Common Scripts
I created the "Common Scripts" folder so that the same code can be re-used across different years, without having to copy small edits over across different source files. The files in "Common Scripts" are called after the required dataset is loaded in the respective file under the year folders, with global macros set.
Master
Read "LMDSA 2018/Scripts/Master earnings analysis.bat" to see the workflow for our project. The contents of that file follows. I used R and Stata interchangably (R more for graphics and wrangling; Stata more for cleaning and imputation). The .bat file shows how the earnings analysis scripts integrate (for 2018), to produce updated output files, ready for the main LaTeX document.
"QLFS 2020\Scripts\Trends_graphs_national_accounts.R" uses the update of PALMS. R is better for time series analysis (and graphs). This creates "Product metric.xlsx". Regression results can now be \input 'ted into LaTeX.
"LMDSA 2018\Scripts\imputation.do" merges PALMS imputed earnings with the regular PALMS dataset, and imputes the UIF variable (for employers), with probit regressions. It creates "PALMS2018imputedUIF.dta". The table reporting on the imputation success rate can now be \input 'ted into LaTeX.

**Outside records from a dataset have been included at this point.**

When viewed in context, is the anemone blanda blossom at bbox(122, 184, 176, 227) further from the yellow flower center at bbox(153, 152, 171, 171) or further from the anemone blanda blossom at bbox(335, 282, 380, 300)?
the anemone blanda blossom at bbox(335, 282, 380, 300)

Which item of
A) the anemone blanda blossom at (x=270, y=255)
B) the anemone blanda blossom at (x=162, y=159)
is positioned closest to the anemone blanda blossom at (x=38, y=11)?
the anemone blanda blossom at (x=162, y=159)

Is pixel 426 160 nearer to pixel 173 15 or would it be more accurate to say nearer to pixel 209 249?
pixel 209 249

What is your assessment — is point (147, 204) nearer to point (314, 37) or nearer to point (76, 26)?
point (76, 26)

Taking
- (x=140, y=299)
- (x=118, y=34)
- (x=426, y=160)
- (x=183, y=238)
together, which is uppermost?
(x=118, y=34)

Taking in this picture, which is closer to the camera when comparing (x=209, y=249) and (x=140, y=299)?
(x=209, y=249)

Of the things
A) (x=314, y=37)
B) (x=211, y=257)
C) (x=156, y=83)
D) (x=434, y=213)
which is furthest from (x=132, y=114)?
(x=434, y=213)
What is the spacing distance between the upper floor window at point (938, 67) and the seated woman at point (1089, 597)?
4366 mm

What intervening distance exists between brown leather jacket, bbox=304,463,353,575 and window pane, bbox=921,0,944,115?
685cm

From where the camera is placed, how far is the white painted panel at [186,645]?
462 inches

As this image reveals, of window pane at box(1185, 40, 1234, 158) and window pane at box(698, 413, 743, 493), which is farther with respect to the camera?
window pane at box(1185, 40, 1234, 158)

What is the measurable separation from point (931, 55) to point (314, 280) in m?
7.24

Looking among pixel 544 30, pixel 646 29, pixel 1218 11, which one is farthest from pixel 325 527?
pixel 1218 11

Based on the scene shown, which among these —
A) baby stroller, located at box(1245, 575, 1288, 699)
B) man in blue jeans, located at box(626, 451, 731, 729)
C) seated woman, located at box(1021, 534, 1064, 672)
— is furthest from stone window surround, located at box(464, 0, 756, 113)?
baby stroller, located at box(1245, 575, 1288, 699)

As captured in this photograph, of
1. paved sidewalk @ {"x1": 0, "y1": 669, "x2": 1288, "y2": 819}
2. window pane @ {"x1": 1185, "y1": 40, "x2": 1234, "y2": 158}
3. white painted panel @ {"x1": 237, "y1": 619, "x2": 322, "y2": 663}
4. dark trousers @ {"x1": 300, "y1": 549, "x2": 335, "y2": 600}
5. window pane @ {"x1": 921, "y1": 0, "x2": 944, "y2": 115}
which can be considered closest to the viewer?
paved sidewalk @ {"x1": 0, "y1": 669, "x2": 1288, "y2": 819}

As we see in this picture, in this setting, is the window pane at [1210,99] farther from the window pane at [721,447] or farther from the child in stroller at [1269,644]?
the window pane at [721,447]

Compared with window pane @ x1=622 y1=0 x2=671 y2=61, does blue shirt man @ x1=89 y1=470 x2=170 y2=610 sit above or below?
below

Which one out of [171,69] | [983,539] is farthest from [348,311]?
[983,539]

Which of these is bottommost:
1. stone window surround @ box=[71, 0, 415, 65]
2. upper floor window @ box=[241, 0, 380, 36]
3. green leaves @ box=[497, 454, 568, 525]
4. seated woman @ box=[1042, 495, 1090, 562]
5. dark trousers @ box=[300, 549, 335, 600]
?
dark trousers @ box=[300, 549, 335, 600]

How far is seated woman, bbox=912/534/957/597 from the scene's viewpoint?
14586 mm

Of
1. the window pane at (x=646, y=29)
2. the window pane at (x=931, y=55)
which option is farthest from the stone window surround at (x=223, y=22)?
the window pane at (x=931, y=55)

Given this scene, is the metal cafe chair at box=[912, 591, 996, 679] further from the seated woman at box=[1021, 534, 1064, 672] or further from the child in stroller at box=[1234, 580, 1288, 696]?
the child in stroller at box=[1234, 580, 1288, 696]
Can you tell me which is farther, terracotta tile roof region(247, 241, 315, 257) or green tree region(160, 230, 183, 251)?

"LMDSA 2018\Scripts\Kdensities.do" creates individual kernel density plots in Stata, for industries, on the UIF-contributors subsample.
"LMDSA 2018\Scripts\simulation.do" in Stata uses "QLFS 2020/DataOUT/Product metric.xlsx"—i.e. the forecast error for 2020Q2 for total compensation of employees. This exports "ImputedUIF_coverage_rates.dta" (coverage rates).
"LMDSA 2018\Scripts\Earn_densities_sectors_TERScoverage.R" creates faceted density plots by industry, using the coverage rates. R is better for faceted graphs.
"Writing\main.tex" can then be compiled.
simulation.do
The algorithms in this script simulates the cost to government, in Stata, of different social insurance schemes. This is the main focus of this website, and these simulations are reproduced in an interactive way in the Shiny web app, to make it easier for non-Stata users to use the work. It starts of with simulating the increase in revenue from adjusting the UIF contribution threshold.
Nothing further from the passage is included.